May 16, 2018
By Dr. Hélène Lambert (Professor of Law at the University of Wollongong, Australia, and Professor of International Law at the University of Westminster in London, United Kingdom)
Two years ago, following the judgment of the Fourth Section of the European Court of Human Rights in Ramadan v. Malta, Marie-Bénédicte Dembour called on the Court to take nationality seriously because it is “a core human rights issue” (Strasbourg Observers). Dembour criticised the Court for insisting “that the applicant brings impossible proofs” of his nationality, thereby favouring the defendant State, and for blaming the applicant for his predicament. Hoti v Croatia gives us the opportunity to scrutinise once more how the Strasbourg Court understands nationality and statelessness in human rights terms, and there is some good news.
The applicant was born in Kosovo (then part of the Socialist Federal Republic of Yugoslavia or “SFRY”) in 1962. He was the son of political refugees who had fled Albania in 1960 to settle in Kosovo. In 1979, the applicant moved to Croatia (also part of SFRY) and settled in Novska, where he has lived ever since. Since then, his parents have died, and he has lost touch with his two sisters and two brothers. He is not married, and he does not have children. According to his birth certificate, Mr Hoti has no nationality. However, the Croatian authorities consider him to be a national of Kosovo or Albania because of his parents’ and his own status as Albanian refugees in Kosovo. Throughout the 40 years he has lived in Croatia, his legal status has been partly tolerated and partly regulated by short term humanitarian permits granted sporadically. He has long wished to get Croatian citizenship and a permanent residence permit in Croatia so as to be able to live a normal life in Croatia. However, despite several attempts, he has so far been unable to regularise his residence status.

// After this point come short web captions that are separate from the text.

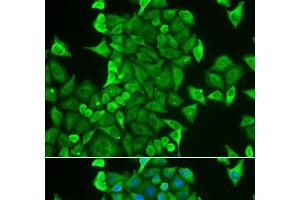 Immunofluorescence analysis of HeLa cells using CARS Polyclonal Antibody (CARS anticorps)
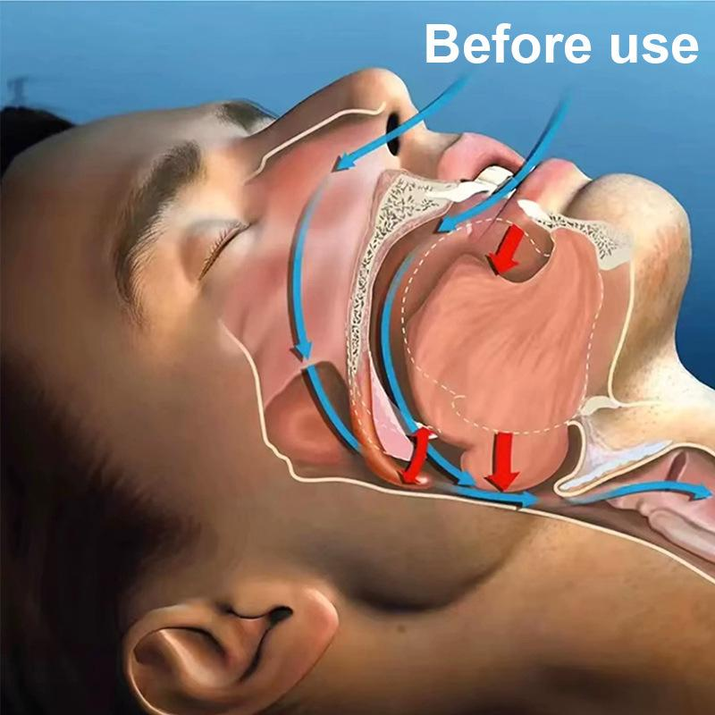 Everest Queen Mouth Tape, for Sleep One Month Supply, Mouth Tape, Pink, Gentle, Adhesion, 30 Strips, Sports Accessories,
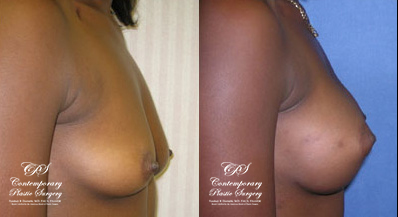 Patient #018’s Breast Augmentation at Jacksonville plastic surgery clinic, Contemporary Plastic Surgery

He argues that he is stateless, that he has no valid travel document and that he was erased from the register of domicile and residence in Croatia without being informed. He further argues that there was a gap in the relevant domestic law (Aliens Act) in that his situation (resulting from the dissolution of the SFRY) should have been regulated. Hence, an application of the Aliens Act could not lead to a solution in his case. He relies on Article 8 ECHR (private life) based on the fact that during the last four decades he has worked intermittently as a waiter and a car mechanic; he is currently surviving by helping out on a farm.

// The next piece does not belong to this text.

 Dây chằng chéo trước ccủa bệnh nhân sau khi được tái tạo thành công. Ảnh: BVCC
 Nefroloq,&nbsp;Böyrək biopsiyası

The judgment by the First Section of the Court contains some interesting features summarised here.
Acclaimed by the Institute on Statelessness and Inclusion (Monthly Bulletin April 2018) as a landmark judgment, the decision of the First Section in Hoti v Croatia contains a lot of positives, not the least the fact that for the first time the Court chose to tackle the issue of statelessness head on. Indeed, the Court’s decision to accept the applicant’s statelessness despite the state arguing otherwise is commendable, and explicit reference is made to the 1954 Convention relating to the Status of Stateless Persons.

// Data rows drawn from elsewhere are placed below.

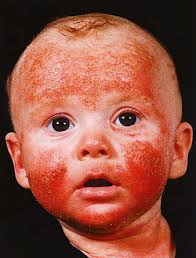 Atopic dermatitis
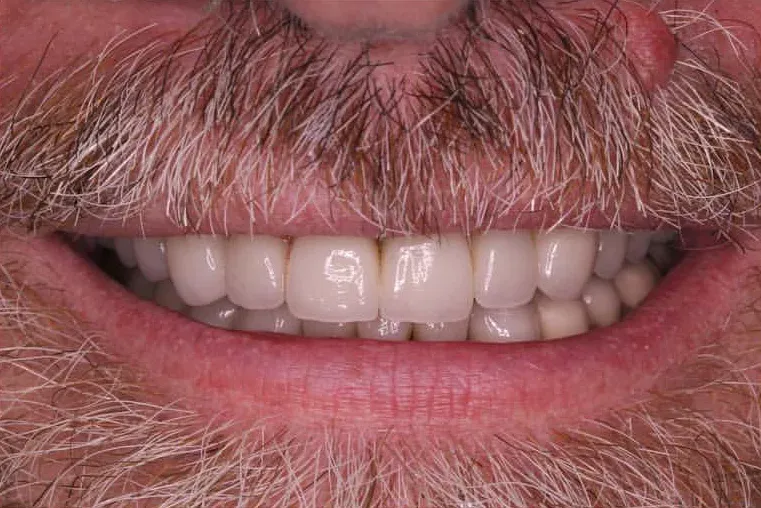 After: Mouth Rehabilitation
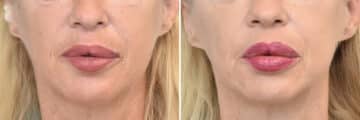 Injectable Fillers Before and After Photos in Philadelphia, PA, Patient 4482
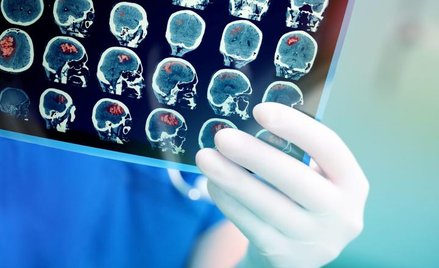 Przemijające objawy przypominające udar mogą być zapowiedzią poważnego ataku choroby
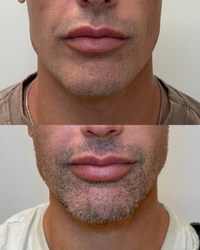 Before and after lip filler results on a male client at HoneMD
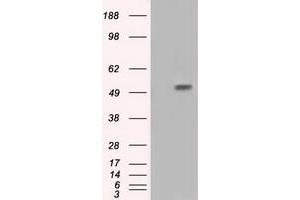 Western Blotting (WB) image for anti-Intraflagellar Transport 57 Homolog (IFT57) antibody (ABIN1498811) (IFT57 anticorps)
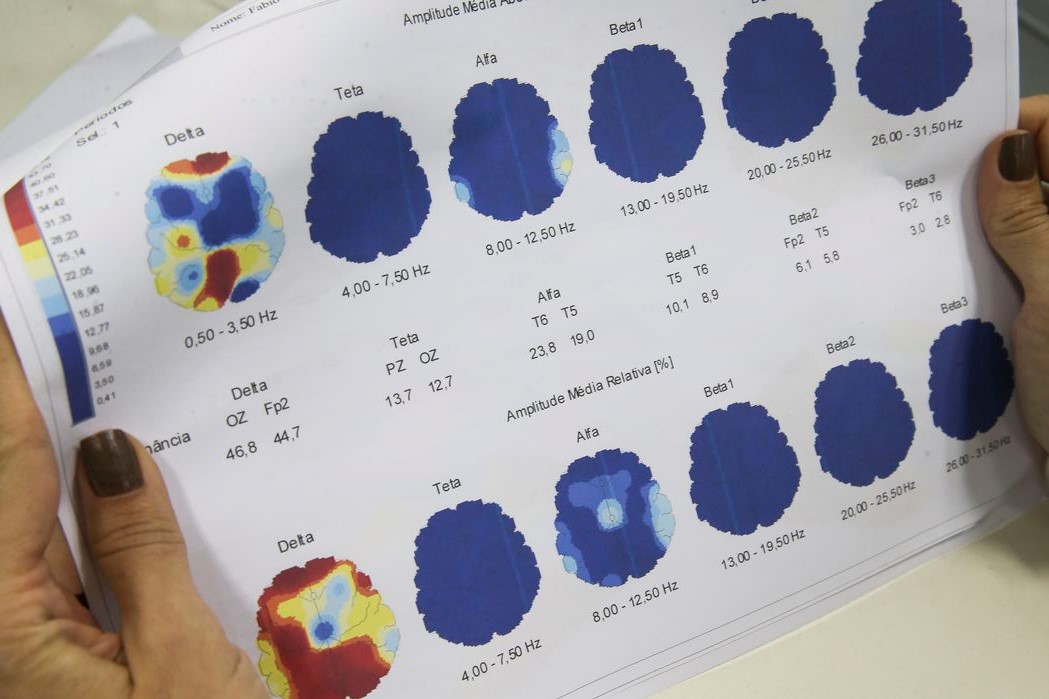 Saúde: Março Roxo quer conscientizar população sobre a epilepsia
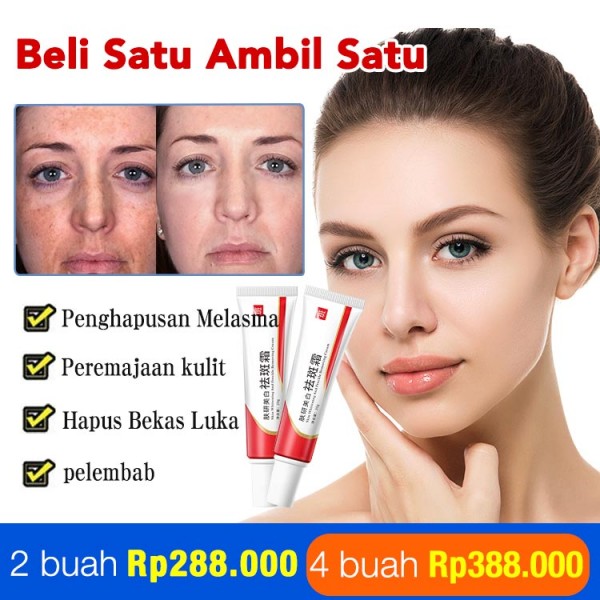Krim bintik niacinamide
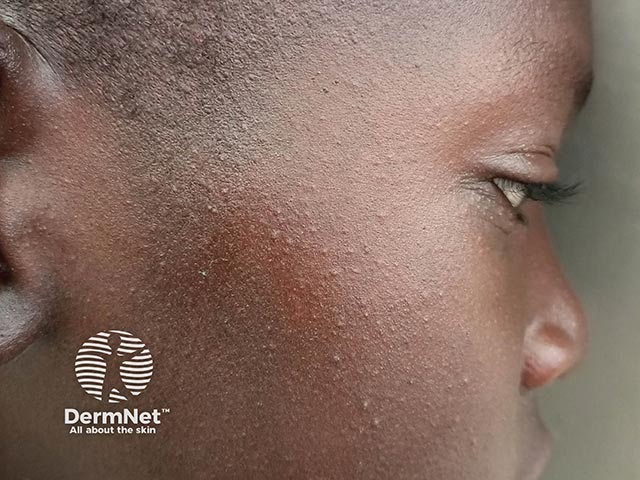 Contact dermatitis on the face due to a herbal face soap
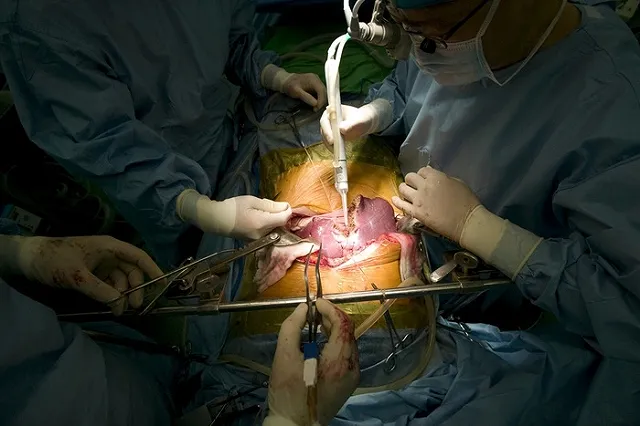 В водительские права россиян хотят добавить пункт о посмертном донорстве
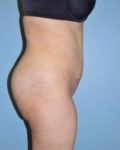 after right side view tummy tuck of female patient 2804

The Court also reemphasised the principle of consent in the acquisition of nationality, namely that “an alien lawfully residing in a country may wish to continue living in that country without necessarily acquiring its nationality” (para.131).
However, when applying the general principles to the specific case (paras.125 et seq.), one can’t help but think that Article 3 ECHR (which prohibits torture, inhuman and degrading treatment) is the elephant in the room. Why is it that Article 3 ECHR is never argued before the Court in cases involving stateless persons? The Court itself flagged a number of particular features often determinant in Article 3 detention or expulsion cases: his “advanced age”, that “the applicant’s residence status in Croatia is uncertain” and with no hope that it will ever be resolved since it is “impossible for him to meet” one of the requirement by being stateless; his “prospect of finding employment is de facto hampered” and so too are his prospect of “securing normal health insurance or pension rights” (para.126); he has no contact with family or relatives.
As Michelle Foster and I have argued here, statelessness is a broad human rights issue: it’s about non-discrimination and equality, it’s about women’s rights and children’s rights, and it’s about family and private life. But crucially, statelessness is about inhuman and degrading treatment and the obligation of the Contracting Parties to secure to everyone within their jurisdictions the right to be free from such ill-treatment. This is not a general or abstract issue as statelessness impacts directly on access to civil, political, social, cultural and economic rights including the right to work, the right to basic subsistence, the right to health care, pension rights, freedom of movement, protection against detention etc. – see also our forthcoming book.
Is the Court ready for Article 3 ECHR arguments? Some of the language used in Hoti v Croatia is sufficiently reminiscent of Article 3 to suggest that it may be. However, all rests on applicants’ lawyers to address statelessness as an Article 3 issue and advise their clients accordingly. Lately, statelessness has been given a renewed impetus as an important human rights issue, and the work of the UNHCR and leading academics has been integral to this. The judgment in Hoti v Croatia makes a valuable contribution to this debate. It’s now up to lawyers to recognise this and direct the debate towards Article 3 ECHR, in particular inhuman and degrading treatment.